Your objective = The copy should hold exactly the lines below from the one that contains "Hollister Sweatshirt" through the one that contains "2014 DODGE DART" and nothing else, so no pictures.

Source data =

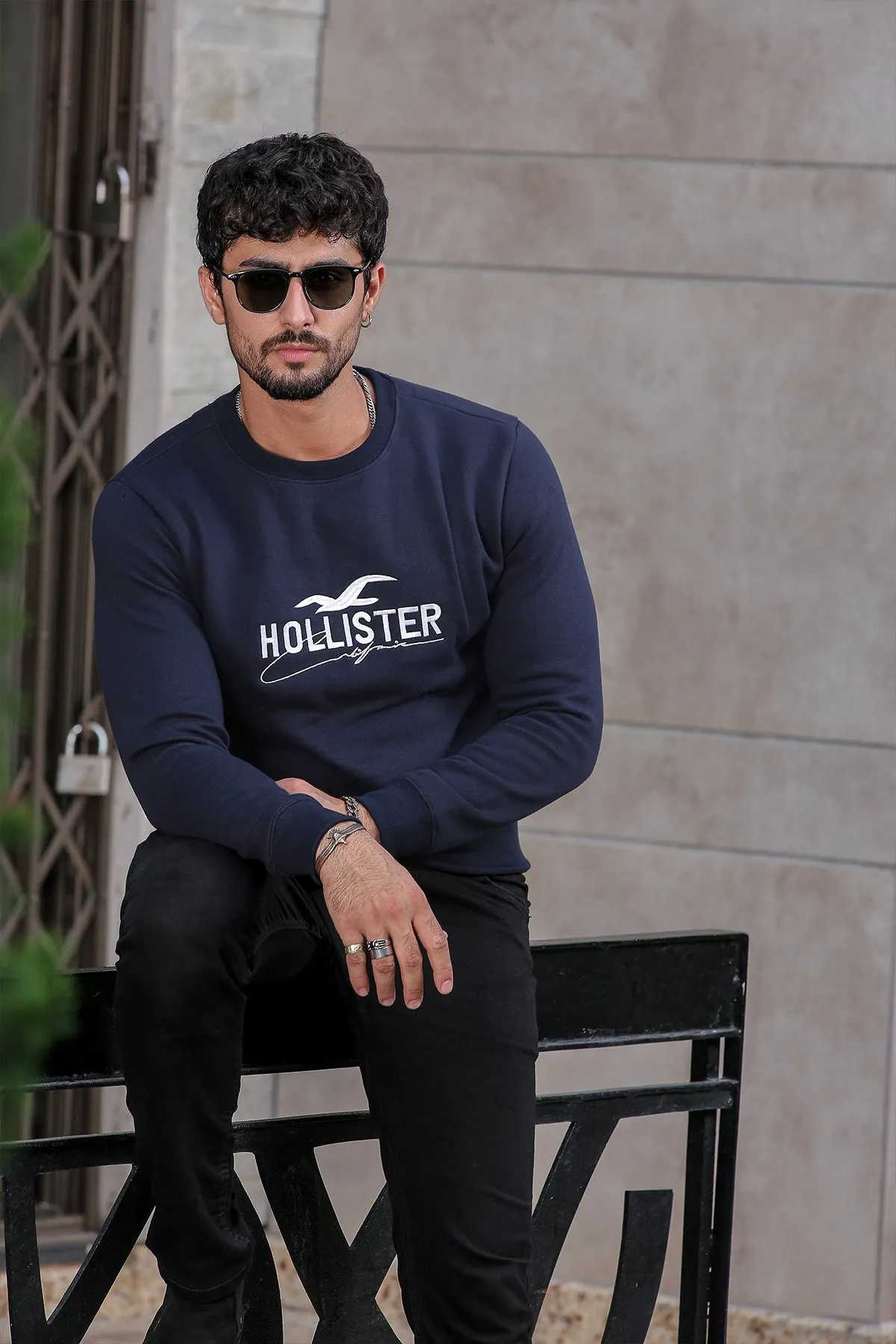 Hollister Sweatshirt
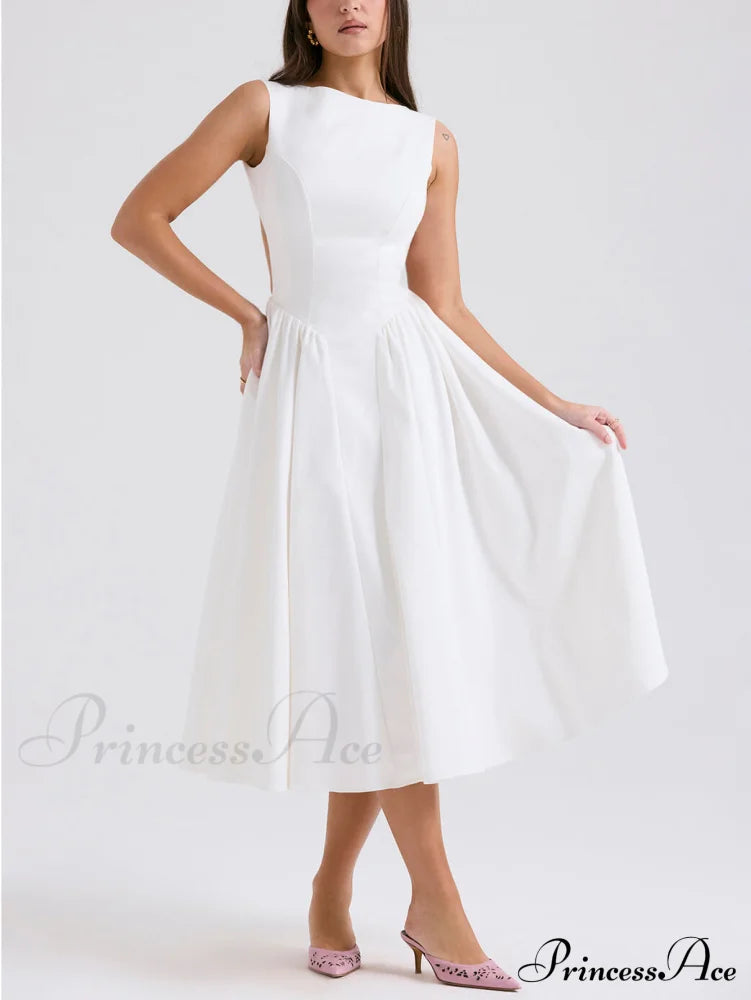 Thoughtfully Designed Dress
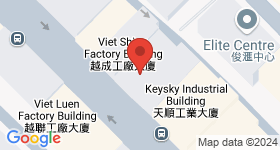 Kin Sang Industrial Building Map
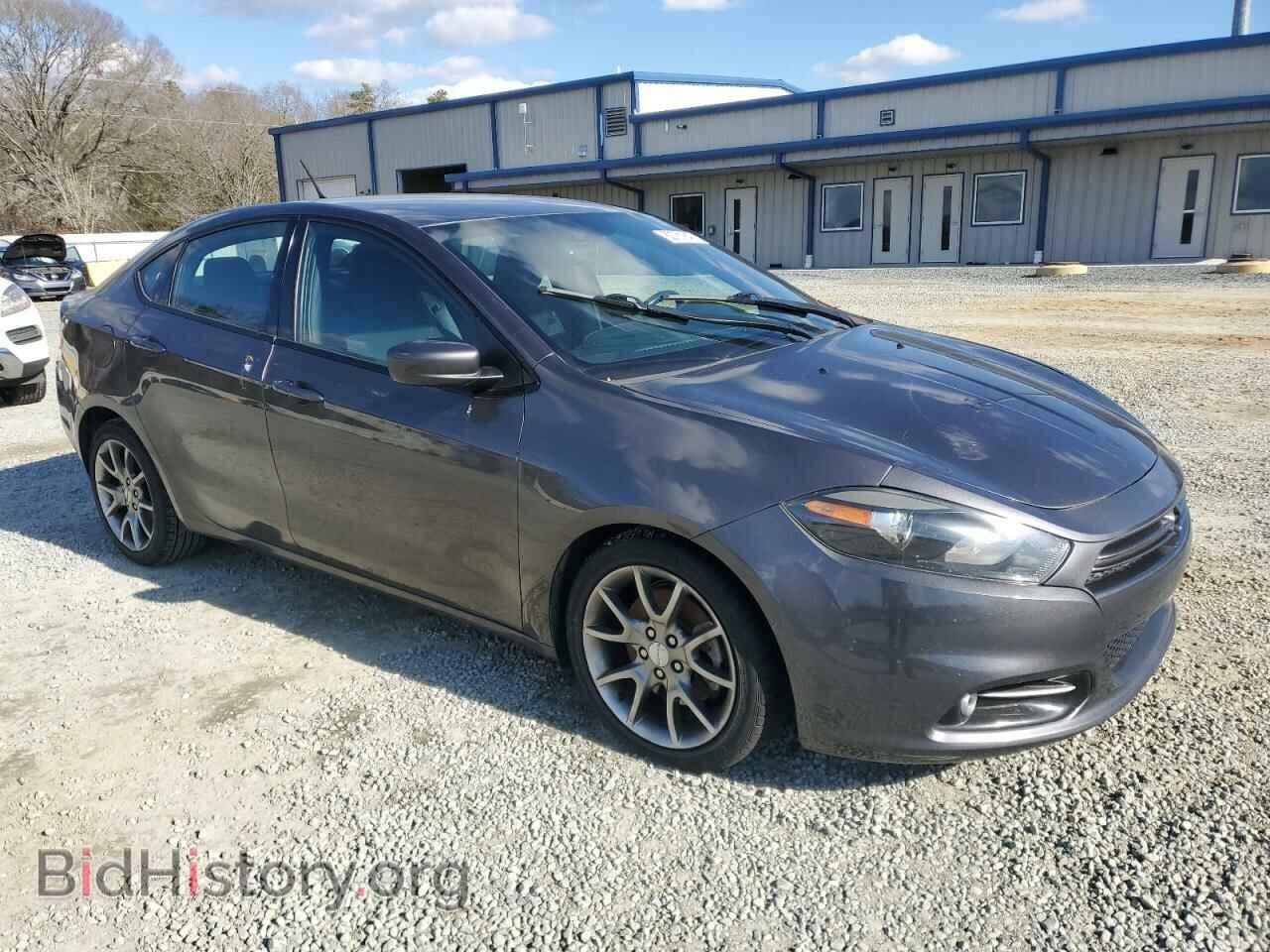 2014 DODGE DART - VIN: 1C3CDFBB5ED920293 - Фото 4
==
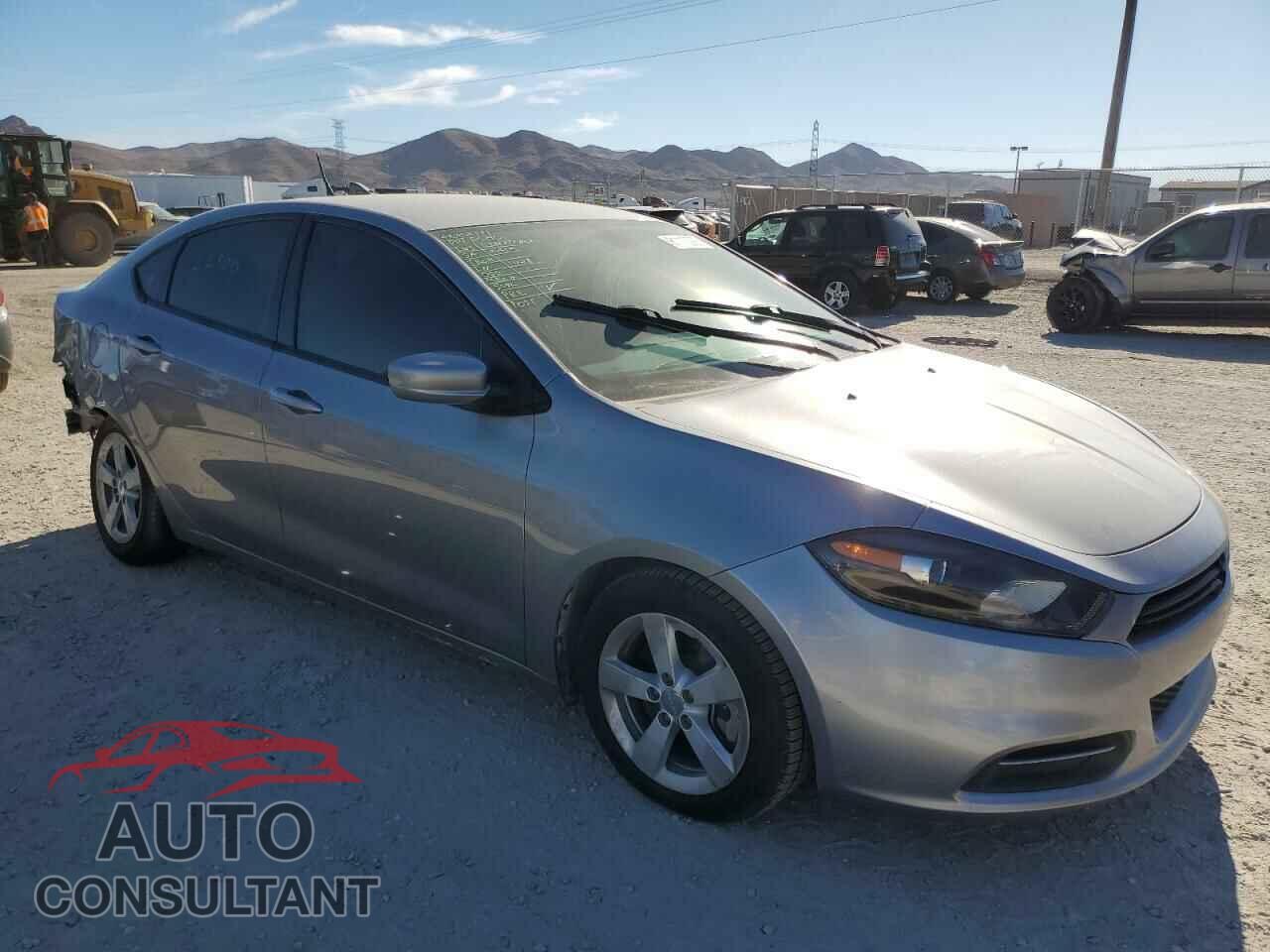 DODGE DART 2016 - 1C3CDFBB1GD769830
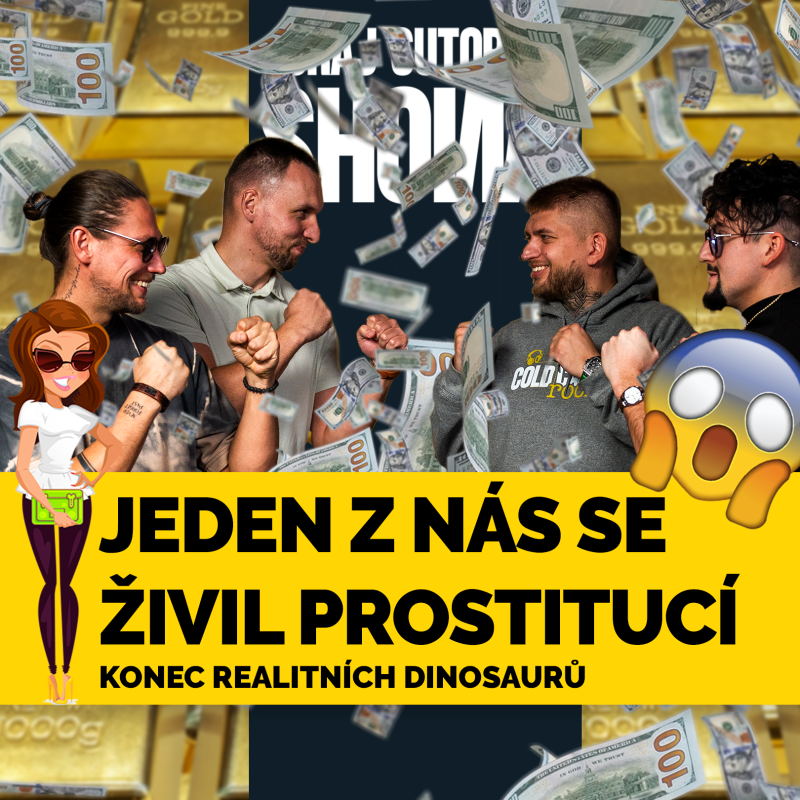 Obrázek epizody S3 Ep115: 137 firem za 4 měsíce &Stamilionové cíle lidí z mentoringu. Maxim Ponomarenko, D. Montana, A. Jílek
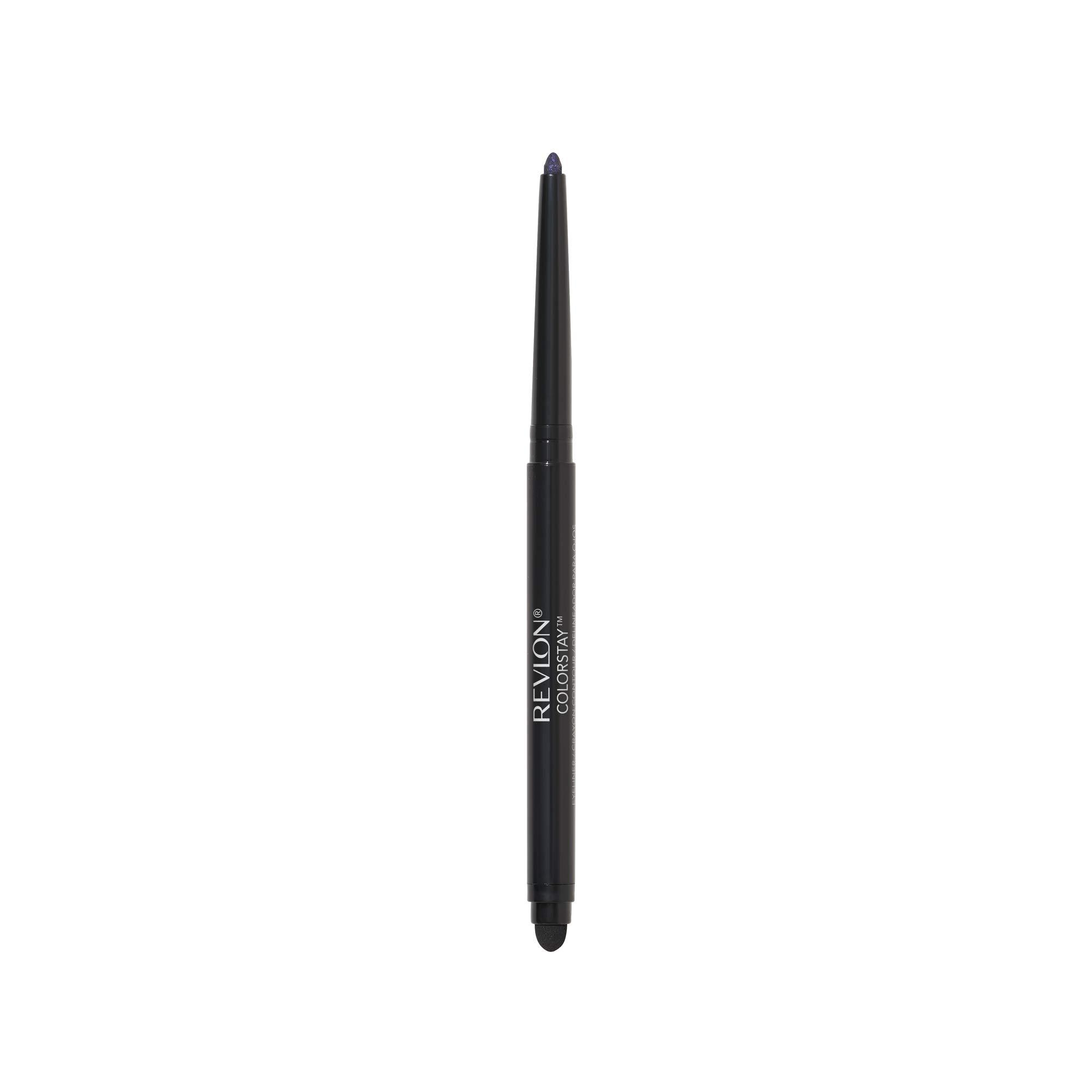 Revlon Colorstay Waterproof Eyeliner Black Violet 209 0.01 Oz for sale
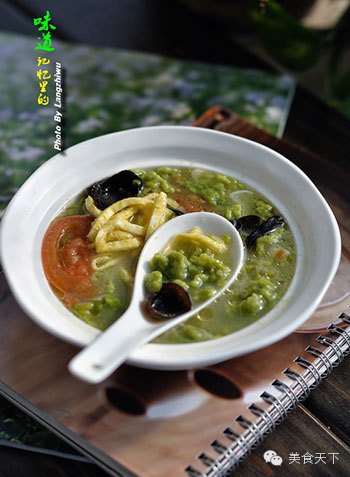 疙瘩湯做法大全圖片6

Answer to this exercise =
 Hollister Sweatshirt
 Thoughtfully Designed Dress
 Kin Sang Industrial Building Map
 2014 DODGE DART - VIN: 1C3CDFBB5ED920293 - Фото 4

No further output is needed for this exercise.